__Data segment__.

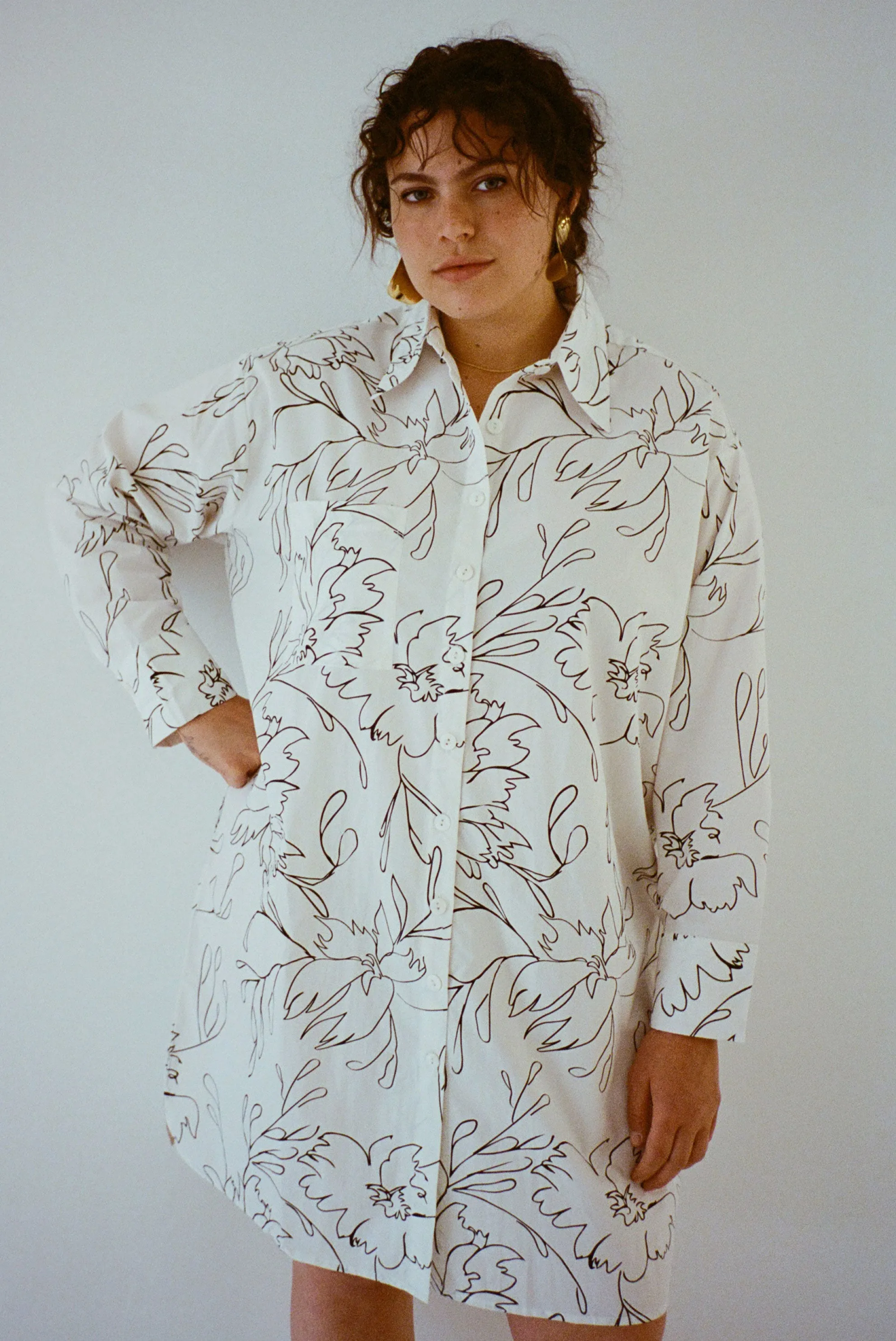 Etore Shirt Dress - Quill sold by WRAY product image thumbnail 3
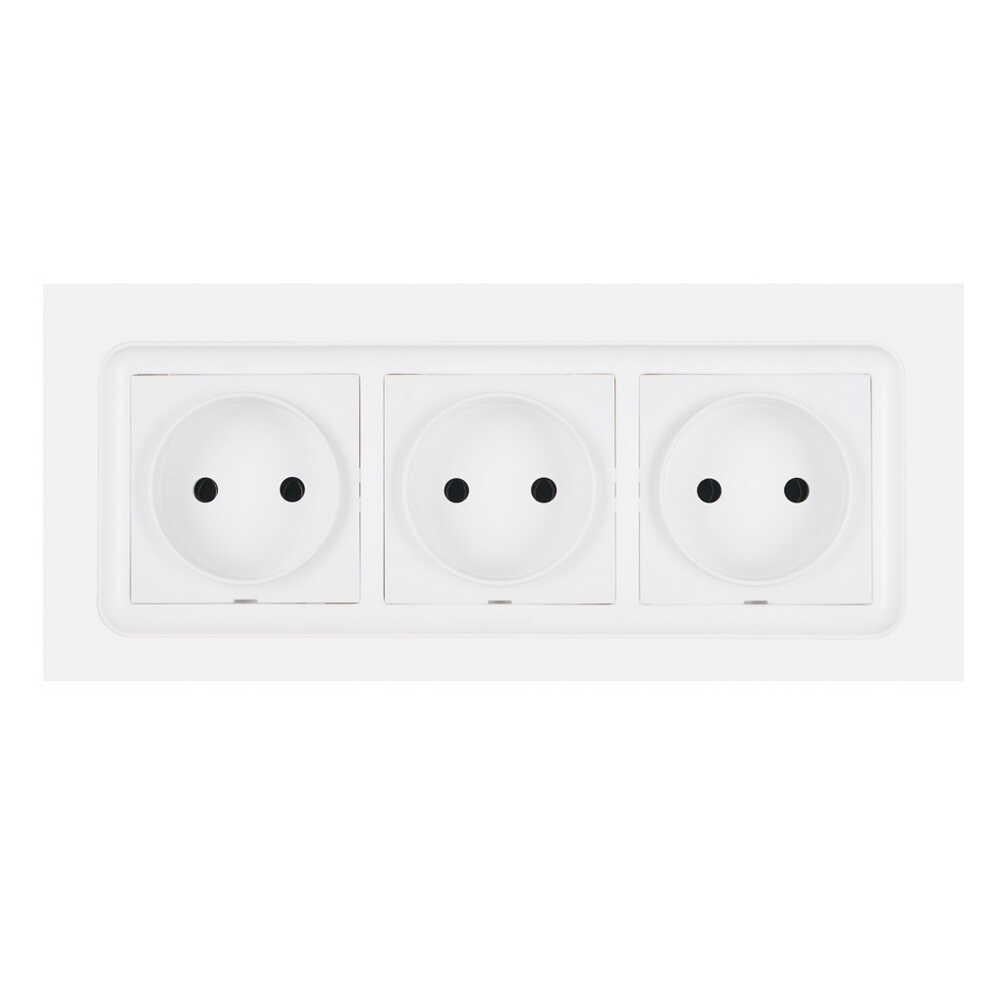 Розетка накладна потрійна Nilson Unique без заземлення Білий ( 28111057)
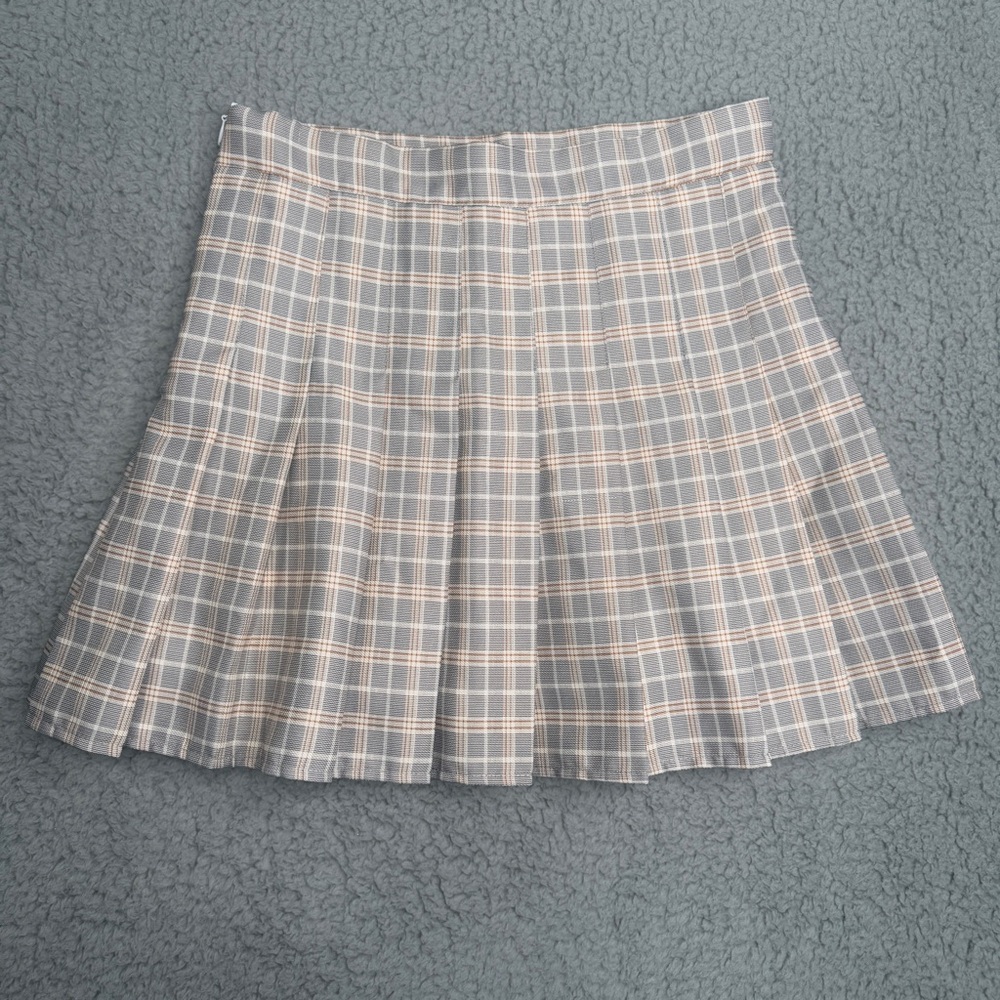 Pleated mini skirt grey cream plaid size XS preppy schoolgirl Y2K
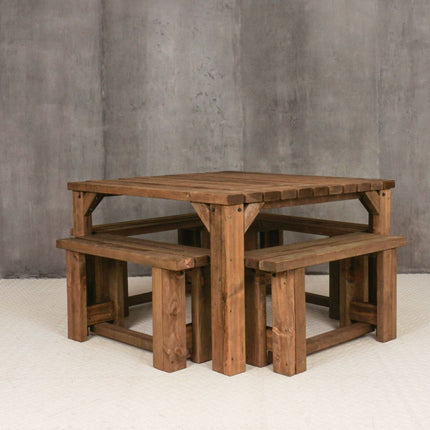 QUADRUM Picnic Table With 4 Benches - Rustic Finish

__Aim of the task__. Where a picture appears, skip it; repeat everything else in the data exactly.

__Result for this task__.
 Etore Shirt Dress - Quill sold by WRAY product image thumbnail 3
 Розетка накладна потрійна Nilson Unique без заземлення Білий ( 28111057)
 Pleated mini skirt grey cream plaid size XS preppy schoolgirl Y2K
 QUADRUM Picnic Table With 4 Benches - Rustic Finish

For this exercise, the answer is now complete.